> _WORK TASK_
Word for word, copy the lines beginning at the one with "Roast beef dinner, garden" and ending at the last line below; pictures stay out.

> _Image-text web data_
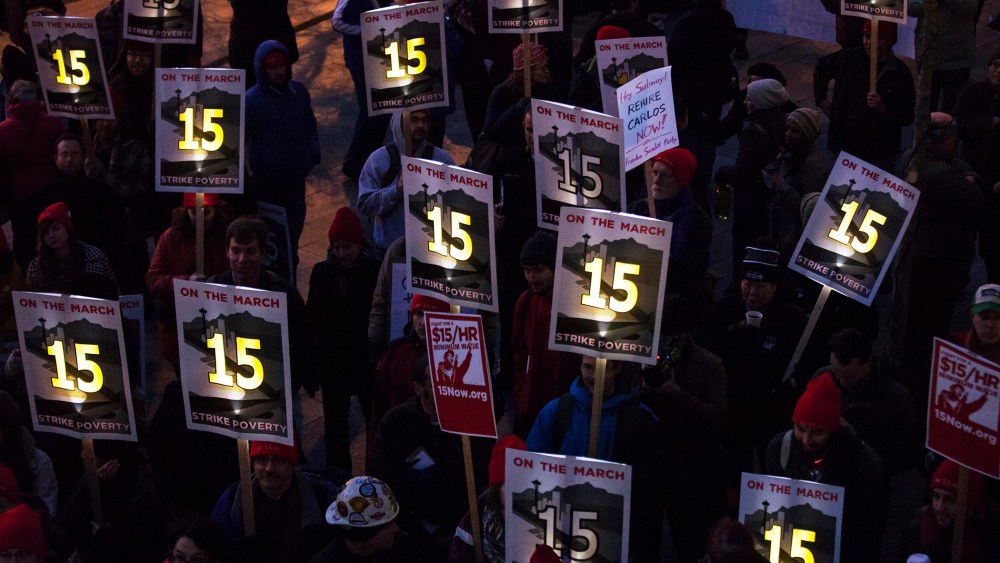 Demonstrators stage a rally to raise the hourly minimum wage to $15 for fast-food workers at City Hall in Seattle, Washington, Dec. 5, 2013.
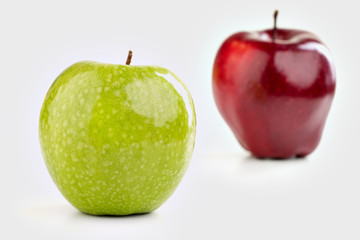 Ripe red  and green apples on white background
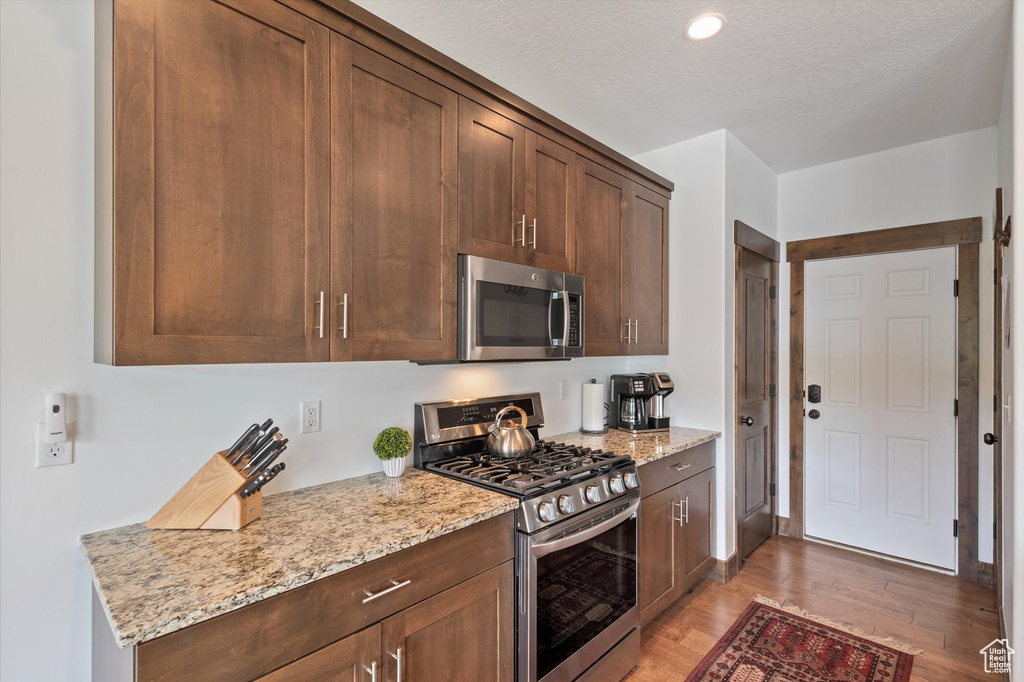 Kitchen with appliances with stainless steel finishes, light wood-style flooring, light stone counters, and recessed lighting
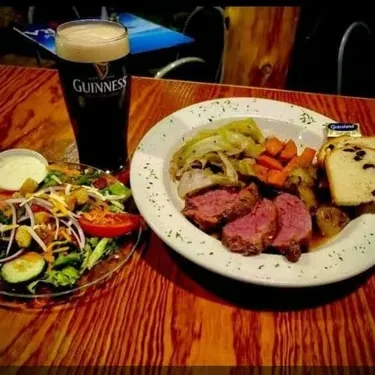 Roast beef dinner, garden salad, and Guinness stout on a pub table.
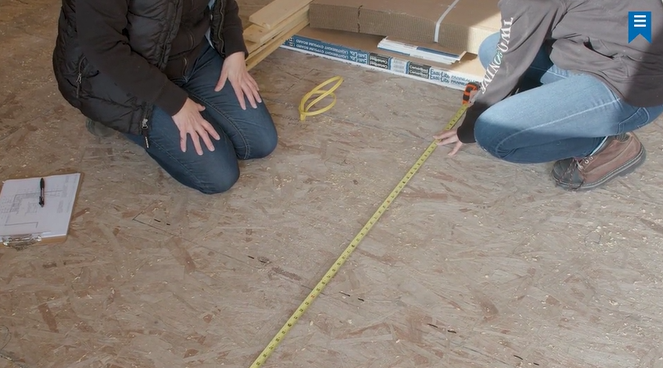 measuring the island cabinets for a site measure for custom kitchen design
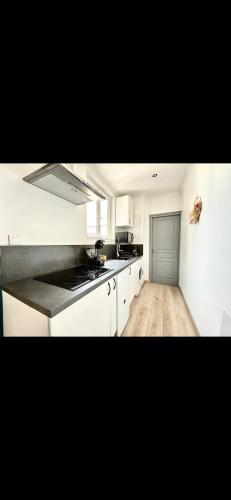 une cuisine avec des armoires blanches et un comptoir dans l'établissement Glycine, à Orléans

> _TASK OUTPUT_
 Roast beef dinner, garden salad, and Guinness stout on a pub table.
 measuring the island cabinets for a site measure for custom kitchen design
 une cuisine avec des armoires blanches et un comptoir dans l'établissement Glycine, à Orléans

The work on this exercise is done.